The International Unions and Climate Change:

‘Historic Resolution’ or ‘Magical Thinking’?

Introduction

My impression of the International Trade Union Confederation’s 2nd Congress (Vancouver, June, 2010) was that its procedures and resolutions showed it still to be locked into the second half of the 20th century. This was the period of national-colonial industrial capitalism, in which the unions could (imagine) gains to at least the unionised through self-subordination to the ideas and structures of capitalist development – particularly the idea of social (i.e. capitalist) partnership. This ideology and self-subordination is represented internationally by the ‘tripartite’ International Labour Organisation, in which labour (i.e. unions) have 25% representation, capital and state 75%.

We are, however, now in a period of globalised and neo-liberalised capitalism, which is not only destroying jobs and unions but also repeatedly demonstrating its insatiable life-destroying drives – most dramatically and fatally in the area of climate change and by the evident incapacity of ‘the international community’ to even begin to address this.

Given, however, my lack of expertise in this particular area, I asked Ariel Salleh, who I knew to have this expertise, to briefly comment. There follows below an item from the ITUC’s website and a response from Salleh.

(Peter Waterman, peterwaterman1936@gmail.com, The Hague, 140710).

Now read on:

http://www.ituc-csi.org/international-trade-unions-to.html?lang=en

International trade unions to adopt historic

resolution on climate change

24 June 2010: Unions from all over the world are to adopt today an ambitious resolution on climate change. In the framework of the 2nd ITUC Congress, unions have debated their role in the fight against climate change, the means to create green and decent jobs and ensure a just transition towards a low carbon economy and the need for achieving a fair, ambitious and binding deal on climate under UN auspicies.

“In the last years, unions have deepened their understanding and commitment on climate change; the time has come in this 2nd ITUC Congress to consolidate our policies” said Guy Ryder, General Secretary of the ITUC. “With this resolution, trade unions of the world show that if there is ambition and solidarity, it is possible to agree on the measures needed to combat climate change; governments should step up to their responsibilities, as unions have done”.

The resolution establishes policies on the need for ambitious emission reductions in developed countries, for sufficient funding to be allocated to help the poorest of the world to adapt to climate change, and for developing countries not to repeat the mistakes of the past but to engage instead in a different development path, so as to help build the low carbon, climate resilient and socially-fair world we need.
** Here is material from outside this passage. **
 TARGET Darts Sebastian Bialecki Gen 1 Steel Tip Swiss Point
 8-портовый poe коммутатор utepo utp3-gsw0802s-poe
“Climate change is definitely a workers’ issue, and Congress is demonstrating leadership by showing that there is no incompatibility between achieving decent work and social justice and protecting the environment”, said Sharan Burrow, President of the ITUC. “On the contrary, targetted investments and policies aimed at creating green and decent jobs in certain sectors, such as renewable energies, energy efficiency and public transportation can help us overcome the job crisis we are living through, and unions today are willing to convey this message to the world”.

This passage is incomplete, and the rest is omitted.